Muller and Mwange steal show in new play


Pinehas Nakaziko

Windhoek-Award-winning actress Odile Muller, and six time theatre and film nominee Sepiso Mwange, has once again left spectators craving for more during their acting on the play ‘And the Girls in Their Sunday Dresses’.

The play was staged over the weekend at the National Theatre of Namibia (NTN) Backstage and more than 100 people in attendance laughed their lungs out throughout, despite the cold weather.

The play also saw the two actresses delivering their best to bring alive the work written by acclaimed South African novelist, poet and playwright Zakes Mda. It was directed by Namibian film and stage director Vickson Hangula.

Muller plays a retired prostitute who has fallen on hard times and is preoccupied by what has defined her for many years, played as a high-heeled gum-chewing lady, while Mwange acted as a woman dressed as a domestic worker.

They waited in a seemingly endless government queue at the “food bank office” for the subsidised rice they call “Harambee food”. As they were all prepared for this, one lady brought with her chair and make-up kit, while another brought food.

Both even prepared to sleep in the queue to wait for the clerks to return the following morning. Initially doubtful of each other, the women cruelly criticise each other’s clothes and life choices. The audience also learned about the women’s individual backgrounds and how they came to be in these circumstances.

“For how long can we wait for this?” asked one of them after four days of waiting. But, of course, such hopefulness is inappropriate.

The audience also learned about their lived experience, not only through simple storytelling from one character to the other, but also in flashback form, as the same actresses animatedly embodied the men who betrayed them, the incompetent public servants unwilling to serve them, and surprisingly, a preaching former prostitute who found love and the gospel.

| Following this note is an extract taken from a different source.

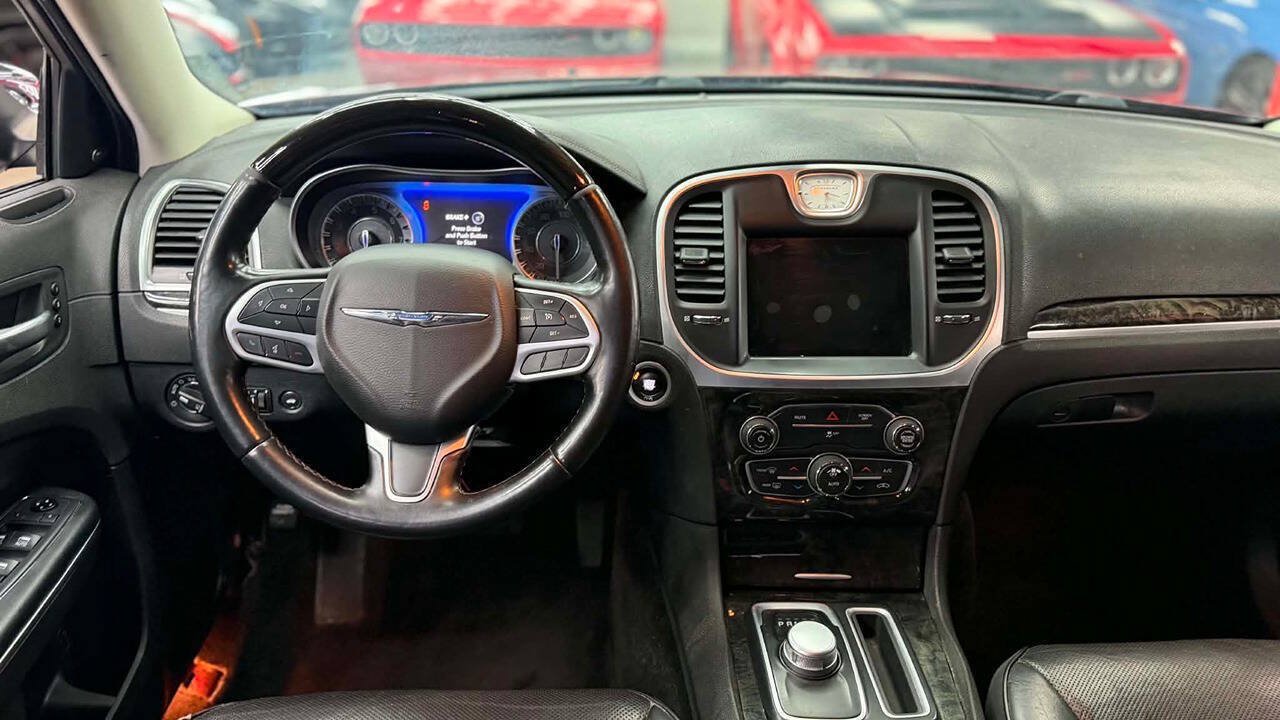 Used 2018 Chrysler 300 Limited RWD image 17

After each personal revelation, The Lady and The Woman realise that they have more in common than either of them previously supposed and the initially suspicious and mysterious association between the two changes into an unlikely bond.

At the end of the play The Lady and The Woman’s turn for their rice finally arrives and they become conflicted on whether they will subject themselves to endless paperwork and dismissive clerks, so that they can get their government rice, or rather find a way to fight.
However, the productions bring together the best of Namibia’s actors, directors, producers, designers and technicians.